ASSIGNED TASK:
With pictures left out, output word for word the lines from the one containing "Hello everyone. Today" through the end of the material below.

DATA SHOWN:
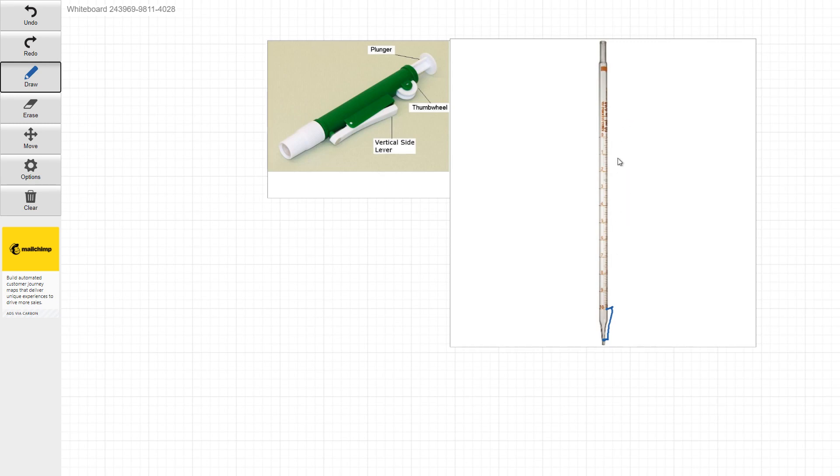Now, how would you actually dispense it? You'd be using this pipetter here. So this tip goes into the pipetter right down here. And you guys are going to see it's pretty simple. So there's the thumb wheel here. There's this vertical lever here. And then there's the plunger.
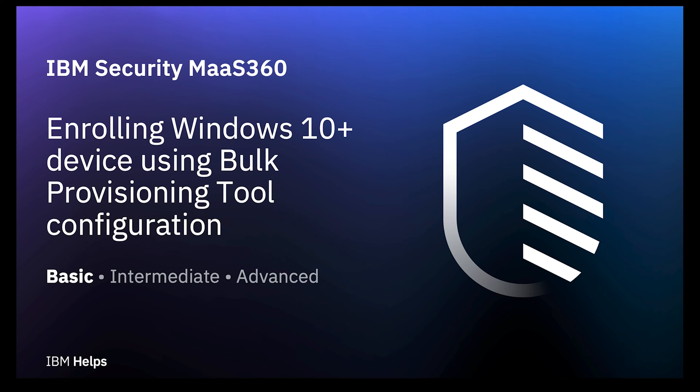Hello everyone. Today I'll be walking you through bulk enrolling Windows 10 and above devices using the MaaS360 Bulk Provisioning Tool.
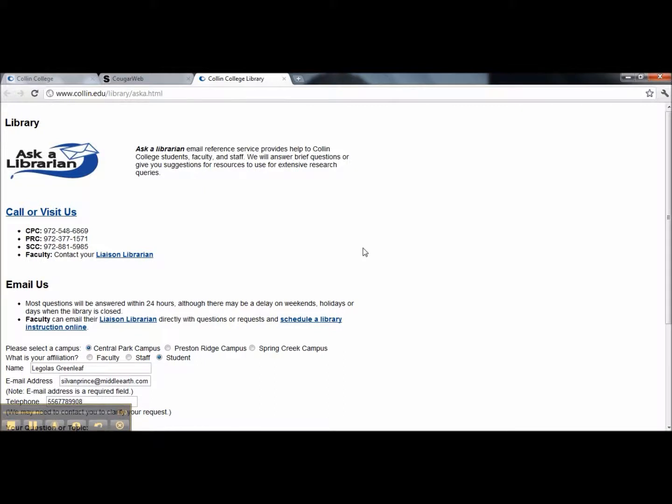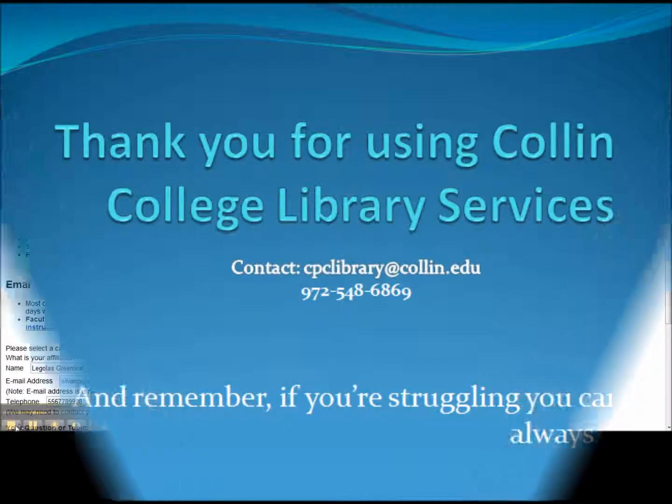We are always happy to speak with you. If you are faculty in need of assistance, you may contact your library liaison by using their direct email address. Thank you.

ANSWER SECTION:
Hello everyone. Today I'll be walking you through bulk enrolling Windows 10 and above devices using the MaaS360 Bulk Provisioning Tool.
We are always happy to speak with you. If you are faculty in need of assistance, you may contact your library liaison by using their direct email address. Thank you.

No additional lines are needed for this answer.